I Dreamed I Rose 2:32
Richard: guitar and vocals; Mitch: bass
Many of the songs I write are based on something that really happened, either to me or someone I’ve met. This is based on an actual dream.
The photographs used on the CD, other than the band photo and the 1933 picture of Joseph John Ruane (Richard’s father) on the cart are from the Library of Congress American Memory Panoramic Photographs Collection (http://memory.loc.gov/ammem/collections/panoramic_photo/).
The front cover photograph (and the strips along the sides of the CD tray) are details from a photograph of the Los Angeles Motorcycle Club at Venice, California, taken in 1911.

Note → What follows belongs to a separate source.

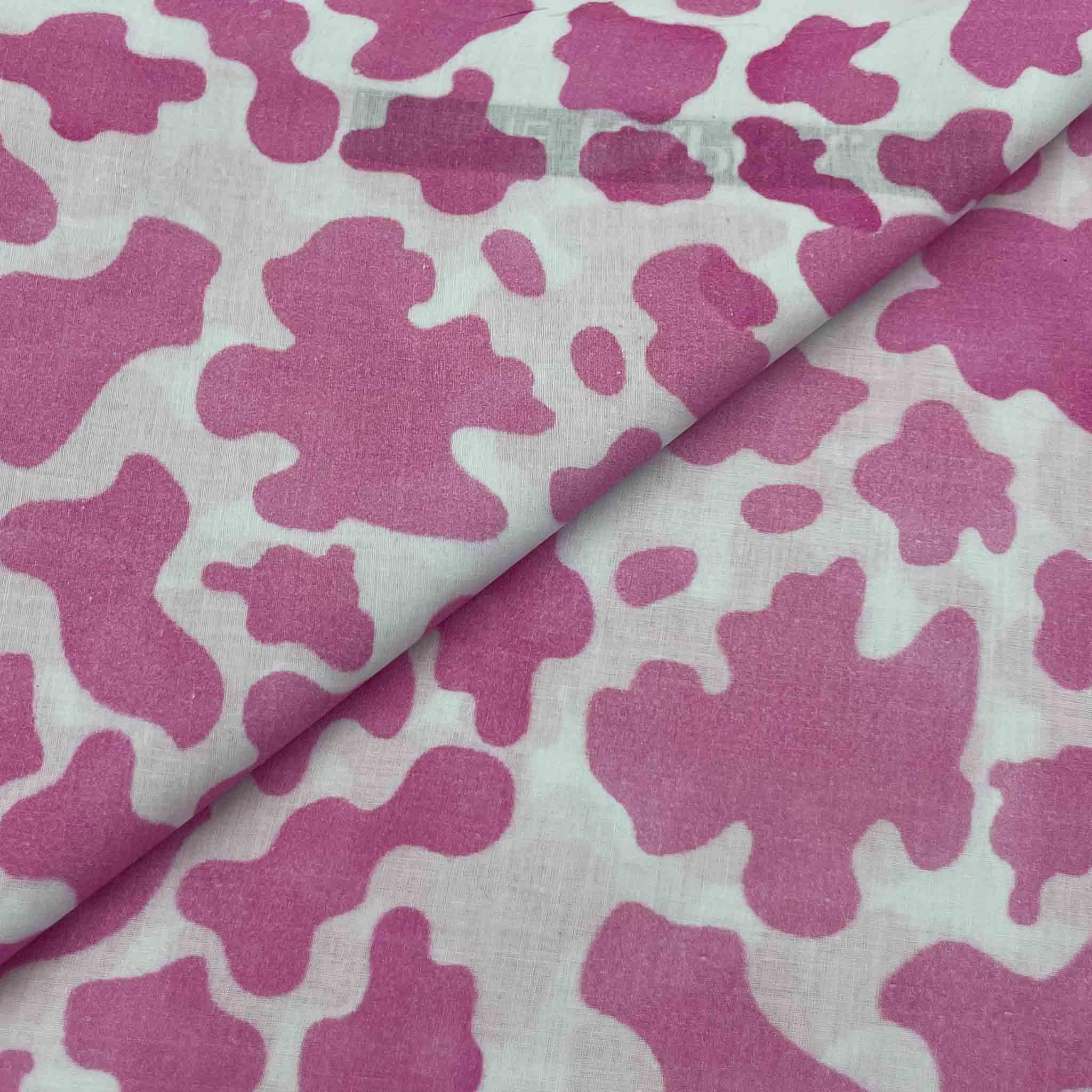 Lawn Digital Print D177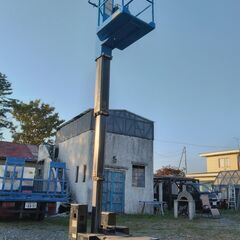 高所作業車SV04Bの画像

The back cover photograph (and the inside one of a girl with a beach ball) are details from a photograph of the Venice Bathing Beauty Pageant of 1926.
The inside photograph of a brass band is of The Cowboy Band, Inc. of Simmons University, Abilene, Texas. It was taken in 1929 and it says on the photograph, “The best known university band in the world. Leaving Texas June first and playing eighteen weeks on Broadway, New York.”